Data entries

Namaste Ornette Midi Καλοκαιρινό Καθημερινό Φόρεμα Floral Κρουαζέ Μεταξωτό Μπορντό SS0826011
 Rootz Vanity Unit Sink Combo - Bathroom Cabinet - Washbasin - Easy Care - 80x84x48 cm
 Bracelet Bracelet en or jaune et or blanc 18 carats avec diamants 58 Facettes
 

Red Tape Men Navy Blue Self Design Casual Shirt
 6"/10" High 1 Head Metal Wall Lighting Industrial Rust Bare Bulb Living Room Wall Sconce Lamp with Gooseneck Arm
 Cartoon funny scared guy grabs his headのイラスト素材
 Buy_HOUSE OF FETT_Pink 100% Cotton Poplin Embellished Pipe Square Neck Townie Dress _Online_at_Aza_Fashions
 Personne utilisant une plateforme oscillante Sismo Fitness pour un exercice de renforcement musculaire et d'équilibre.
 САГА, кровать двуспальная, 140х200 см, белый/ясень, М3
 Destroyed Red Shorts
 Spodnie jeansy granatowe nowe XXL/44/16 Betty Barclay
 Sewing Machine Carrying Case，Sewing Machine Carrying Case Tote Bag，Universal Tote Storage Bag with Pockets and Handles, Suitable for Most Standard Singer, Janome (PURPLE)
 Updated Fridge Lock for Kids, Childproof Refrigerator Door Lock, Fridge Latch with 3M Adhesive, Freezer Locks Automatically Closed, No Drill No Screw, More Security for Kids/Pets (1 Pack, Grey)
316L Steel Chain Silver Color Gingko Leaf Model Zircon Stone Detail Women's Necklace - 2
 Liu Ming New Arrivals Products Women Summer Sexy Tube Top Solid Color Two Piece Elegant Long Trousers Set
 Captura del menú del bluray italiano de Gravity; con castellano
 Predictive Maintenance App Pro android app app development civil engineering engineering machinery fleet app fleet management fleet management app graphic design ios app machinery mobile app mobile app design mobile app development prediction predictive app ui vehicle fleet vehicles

**Exercise instructions:**
Look through the lines above and collect those with the word "Women".

**Answer below:**
316L Steel Chain Silver Color Gingko Leaf Model Zircon Stone Detail Women's Necklace - 2
 Liu Ming New Arrivals Products Women Summer Sexy Tube Top Solid Color Two Piece Elegant Long Trousers Set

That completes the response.